Two very significant things have happened in the time since we last connected and they are what bring me to you today. They were very different events but they resonated with the same message for me. My connections with others, the love of varying flavours, that is what it is all about for me. My facebook friends list is an interesting blend of my before and after lives; Daughter Number One’s friends, all grown up now, friends from my own school days, parents of my children’s friends. Friends from my life on the other side of the country. My former psychologist, colleagues from my previous life, other mothers of murdered children, the police officer who worked my daughter’s case. Old friends, new friends, dear friends, true friends. All these people who were strangers once.

During the worst time of my life I met the detective who was investigating my Daughter’s death. The day after she died and several times after that he was the one who interviewed me, at my home and at his station. He attended my Daughter’s funeral. He took me to the crash site and the police car lot to see what there was left to see and answered my questions.He was at the inquest, not just in his official capacity but he was really there for me during that whole process, walking me through. His wife was pregnant with their first child when my Daughter died and their daughter was born the same year. I so appreciated the work, the really above and beyond efforts, of this man that I nominated him for ‘Police Officer of the year’ and do you know? He actually won! And he generously shared with me the pleasure he had in telling his family of his award and how he looked forward to telling his own daughter about it in the future. He protested that he only did his job, only did what many, many others would do, did do, every day. In the dense blackness following my Daughter’s death this guy was a beacon. We emailed. He and his wife had a son. I had a second Daughter. Life moved on.

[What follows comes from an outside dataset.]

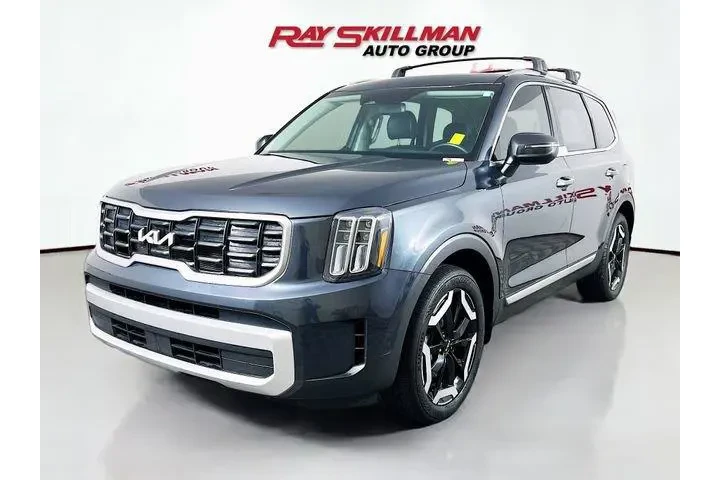 $31975 : Kia Telluride 2024 S 4dr SUV image 3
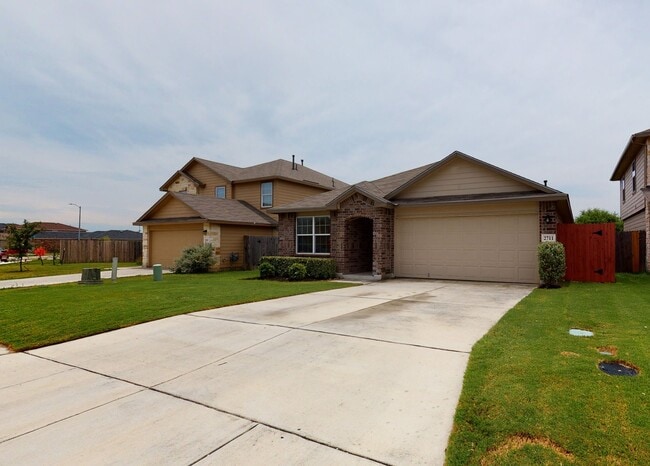 Building Photo - 2711 Sunset Bend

Nearly two years ago I found him on Facebook. He isn’t in the police force any more and I felt so glad to find that out. As good as he was at his job I can only imagine the toll that work takes on you, day after day, when you do it properly. So, I was glad for him, and for his family. I’ve seen the family photo’s his wife tags him in – beautiful, accomplished children, extended family celebrations, holidays – and all of them, without fail, bring me joy. Because even if the only work he ever did was with me and on behalf of my Daughter, all the respect and compassion and humanity he showed, then he deserves all the happiness in the world, every single day for the rest of eternity. Of course that wasn’t all he ever did and life doesn’t work like that.

So it happened that almost two weeks ago now I read a post this former police officer wrote in tribute after the death of his ten year old nephew, to his nephew and his family and about the decision to donate his organs, made during DonateLife Week. Despite the fact I avoid mainstream news I happened upon more information in the days that followed; this posting was on a website I follow and it summed up my own feelings and intense grief. I now know so much more about this family and yet, really, know nothing. But I will never forget this boy’s smile or his name. Sweet dreams Banjo, live on in happiness.


At the opposite end of the spectrum came the other event that rocked my world and went partway to re-establishing my equilibrium (Oh, let’s not get too excited! There’s still a way to go!). Last Friday made five years since a chance encounter and a simple question combined to change the course of my life and brought me into contact with someone whose significance and value to me only increases with the passage of time. So much has passed between us and so far we have travelled together, not all of it easy, not all of it fun but he is someone who can always reach me no matter how detached I become from everything else. In that way he keeps me tethered to the present. He was the safe place I ran to when Daughter Number One’s father killed himself and even during hard times between us I have never lost sight of the fact he is a gift to me.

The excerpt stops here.